Bearing in mind our patriarchal, heteronormative, late-capitalist culture, Taddeo might be mistaken to rely on the old idea that women have an inherently more “beautiful, violent” desire than men. Their experience of desire has likely been complicated, or frustrated, by the other roles they are expected to play. Society is still tipped steeply against women. To take one obvious example, a man achieving success in both professional and family realms is rarely taken as unusual, whereas the rare wonder of a woman ‘having it all’ remains a widely used trope.

The problem is not that these stories aren’t believable, or that they aren’t recorded with loving, if slightly voyeuristic, attention. The problem is that they tell us nothing new

To give her credit, Taddeo does go into rich and carefully crafted detail to expose the patriarchal mechanisms that allow these inequalities to continue in the stories she tells: the heart-breaking way in which everyone prefers to trust Maggie’s teacher, Aaron, if only because it is uncomfortable to imagine that the ‘Teacher of the Year’ could do something so inappropriate to a vulnerable girl; a bitter story of Lina’s financial entrapment in a cold, emotionally barren and sexless marriage with the father of her two children; the ostracism that Sloane suffers by other women once news of her unconventional marital arrangement spreads.

The problem is not that these stories aren’t believable, or that they aren’t recorded with loving, if slightly voyeuristic, attention.

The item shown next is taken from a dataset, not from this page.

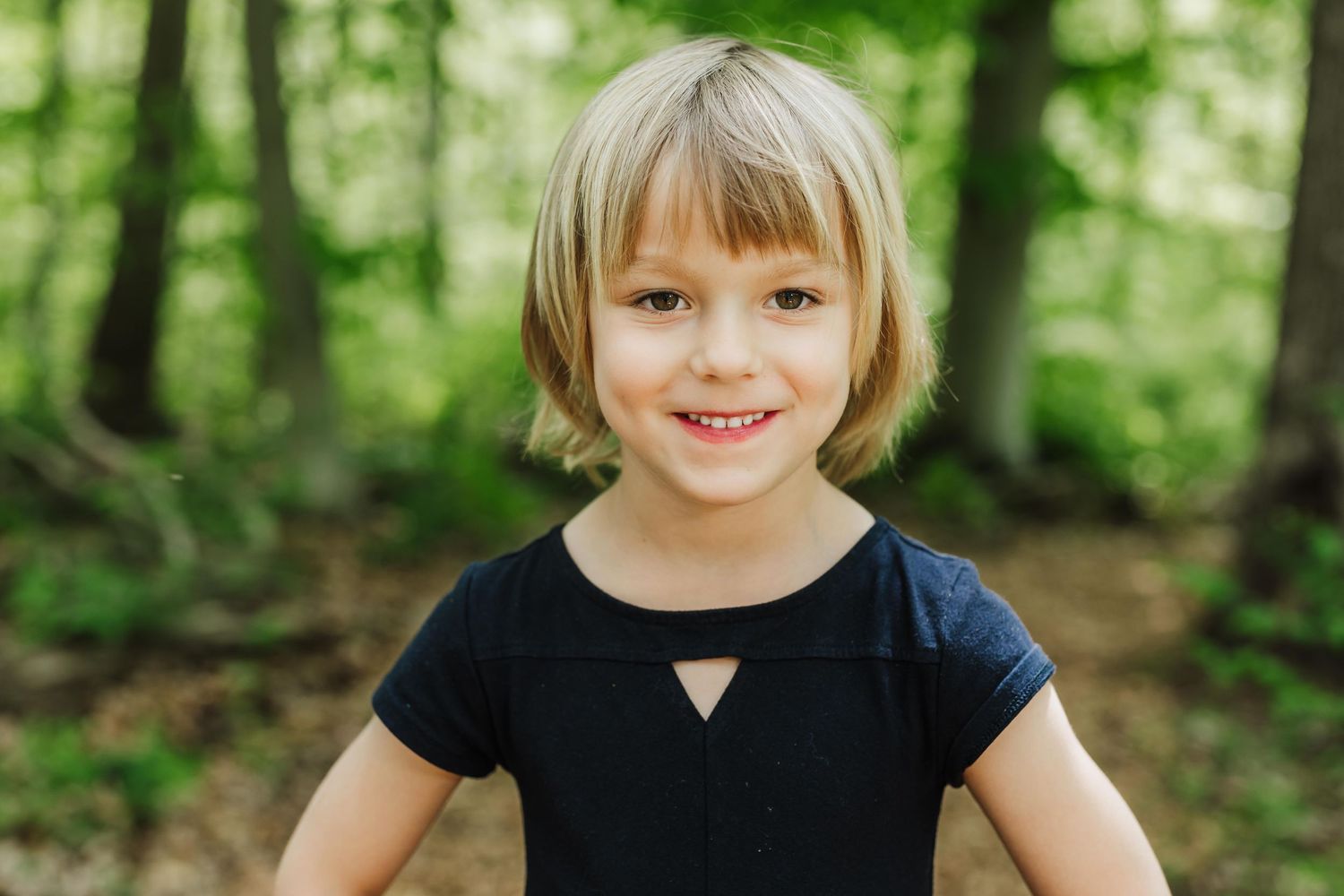 Child wearing a black shirt smiles warmly while standing in a lush green forest setting.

The problem is that they tell us nothing new. In fact, the book is more reductive than illuminating when considering the nature of women’s desire, as it only (as many reviewers have already bemoaned) describes the experiences of three white American women. Hardly a representative sample.

Where Three Women succeeds is in sensitively and minutely describing the structural inequalities that inhere in our status quo. In spite of that, I can’t help but feel that it would be more interesting, more revealing and more helpful to unearth instead the similarities between men and women’s desire that the author touches on ever so slightly in the prologue. Given that our society is still rigged in men’s favour, and tailored predominantly to their desires, would it not teach us something more interesting about desire itself, as experienced by real individuals, if the work focused on how women’s desire occasionally overcomes these hurdles and plays a dominant role?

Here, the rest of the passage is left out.